The realm of education tax information "can get pretty dizzying pretty quickly," says Gil Charney, principal analyst at the H&R Block Tax Institute. But there are only a few deductions that apply to beneficiaries in high school.

If parents claim a child on their taxes who is below the age of 18, they may be qualified for a Coverdell Education Savings Account. Much like a qualified tuition program (often called a 529 plan), the Coverdell ESA collects money that covers qualified education expenses of K-12 students, such as books, tutoring, and tuition and fees, Charney says. The money in the Coverdell ESA isn't tax-deductible, but most of it can grow tax free.

[Read why taxpayers say more money won't improve education.]

Parents whose high school students are taking college-level classes—such as postsecondary or AP courses, should look into the Tuition and Fees Deduction. This deduction formerly only applied to students who had either graduated from high school or received their GED, says Charney. But the policy has changed, and now parents of current high schools students who are taking college-level classes can claim those higher education expenses.

There are stipulations with the Coverdell ESA and Tuition and Fees Deduction. Individuals who make at least $110,000 per year (or an annual $220,000 jointly) do not qualify for the Coverdell ESA, and the maximum deduction for the Tuition and Fees Deduction varies according to the income of the taxpayer as well.

Before their teens have to deal with somewhat complicated tax plans and tricky details themselves, parents can take this opportunity to introduce them to how taxes work, Charney says. If the high school student has a part-time job, he notes, his or her taxes will likely be relatively simple. Reviewing the teen's earnings together is a "very friendly way," Charney says, to introduce him or her to taxes so the child doesn't "develop that fear or aversion to them."

[Read why children learn better with engaged parents.]

Discussing taxes together can also clear up any questions about personal finance.

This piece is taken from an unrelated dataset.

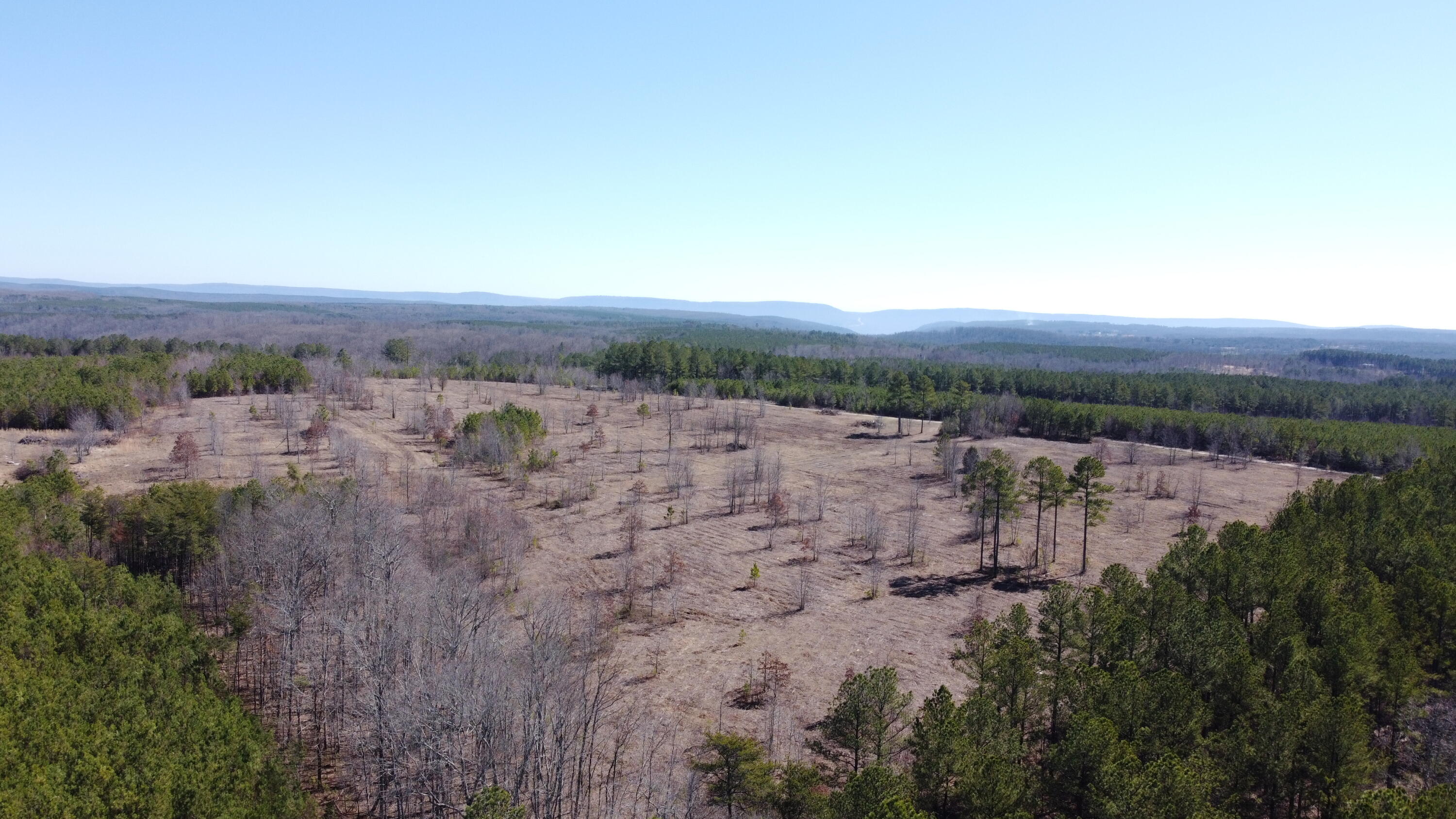 8 Fredonia Road Dunlap, TN 37327 - Photo 11 of 13 Photo Feb 24 2025, 12 40 37 PM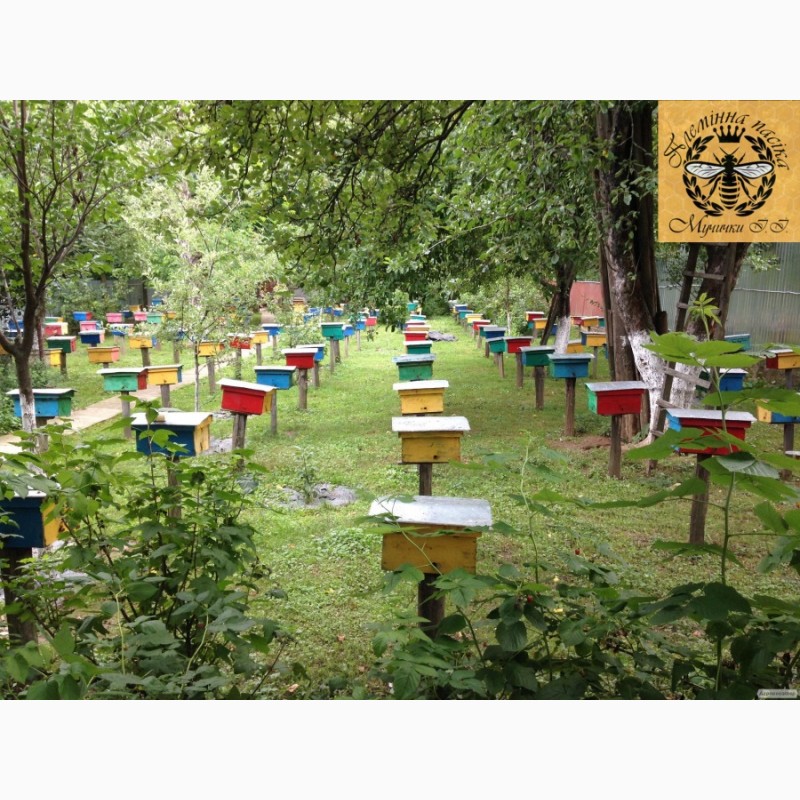 Фото 5. Продам чистопородні бджоломатки карпатської породи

An employed teen may think, "Gee, I'm making eight bucks an hour—why am I not getting eight bucks an hour?" Charney says, because they're unfamiliar about why money is withheld from a paycheck.

When teens study their simple personal finance and tax information, they may be prepared to transition into the trickier tax credits for college expenses, and then the complex financial planning that comes with being an adult—perhaps with a beneficiary of their own.

"Being aware of personal finances is a great habit to start developing early," Charney says. "The cost of ignorance grows larger as you grow older and your life becomes more complicated."